Even better, it all started with a connection in Pasadena. For it was here, in the late 1940s, that eventual Scientology founder L. Ron Hubbard – then a middling science-fiction author and accomplished ladies’ man – fell into the warped social circle of famed rocket engineer Jack Parsons, who proudly considered himself to be the Antichrist and frequently conducted orgies and other debauched events amid the wealthiest streets of Pasadena. According to a January 3, 2002 PW story on Parsons by Michael Collins, both Hubbard and Parsons shared a fascination with occultism and infamous black magic practitioner Aleister Crowley.

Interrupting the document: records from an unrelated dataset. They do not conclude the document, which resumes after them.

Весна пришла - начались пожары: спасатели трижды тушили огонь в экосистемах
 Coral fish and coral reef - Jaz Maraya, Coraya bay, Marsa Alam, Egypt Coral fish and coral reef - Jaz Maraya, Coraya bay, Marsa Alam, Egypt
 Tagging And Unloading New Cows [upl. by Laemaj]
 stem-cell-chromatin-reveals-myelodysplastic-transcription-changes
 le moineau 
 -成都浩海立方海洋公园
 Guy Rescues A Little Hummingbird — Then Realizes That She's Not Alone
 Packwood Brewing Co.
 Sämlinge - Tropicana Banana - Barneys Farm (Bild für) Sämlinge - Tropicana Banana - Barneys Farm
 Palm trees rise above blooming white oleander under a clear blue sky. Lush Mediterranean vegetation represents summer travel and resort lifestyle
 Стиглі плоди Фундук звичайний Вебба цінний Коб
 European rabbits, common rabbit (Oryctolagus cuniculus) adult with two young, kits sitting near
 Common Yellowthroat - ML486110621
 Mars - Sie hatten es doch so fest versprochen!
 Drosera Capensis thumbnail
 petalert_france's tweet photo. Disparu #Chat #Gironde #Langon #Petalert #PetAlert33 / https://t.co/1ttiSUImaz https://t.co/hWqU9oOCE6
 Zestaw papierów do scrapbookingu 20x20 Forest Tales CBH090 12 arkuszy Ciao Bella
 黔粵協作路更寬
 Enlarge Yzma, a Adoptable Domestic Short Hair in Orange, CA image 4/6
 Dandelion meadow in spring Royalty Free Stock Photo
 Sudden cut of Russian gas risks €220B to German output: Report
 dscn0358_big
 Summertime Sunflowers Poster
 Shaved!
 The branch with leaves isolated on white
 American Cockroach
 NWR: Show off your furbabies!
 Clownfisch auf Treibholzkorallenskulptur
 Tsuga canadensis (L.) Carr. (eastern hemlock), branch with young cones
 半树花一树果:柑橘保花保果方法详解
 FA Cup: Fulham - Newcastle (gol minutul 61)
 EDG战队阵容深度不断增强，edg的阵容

“There’s a lot of dispute about Hubbard’s connections with Parsons, because while there’s quite a bit of indications that he was involved in Parsons’ magic movement, Scientology claims that Hubbard was really an opposing undercover agent trying to expose them,” said Timothy Miller, a professor religious studies at the University of Kansas who specializes in “new religious movements,” the newfangled way of describing cults. “The term ‘cult’ has negative connotations and our work is supposed to be judgment-free and there is a consensus that we’ve already branded a group if you say it like that. On the other hand, we don’t whitewash anyone.”

Indeed, Miller points out that Scientology has been riddled with inconsistencies, mixing positive and negative qualities, since its very founding in 1950 by Hubbard, who created the church as a self-help movement after publishing a “modern guide to mental health” called “Dianetics.” For instance, they’ve proven to be one of the most litigious groups in America, barraging their critics and opponents with countless lawsuits and often outspending their way to victory, but speculation of whether some members have died as a result of the church’s “care” is much more questionable.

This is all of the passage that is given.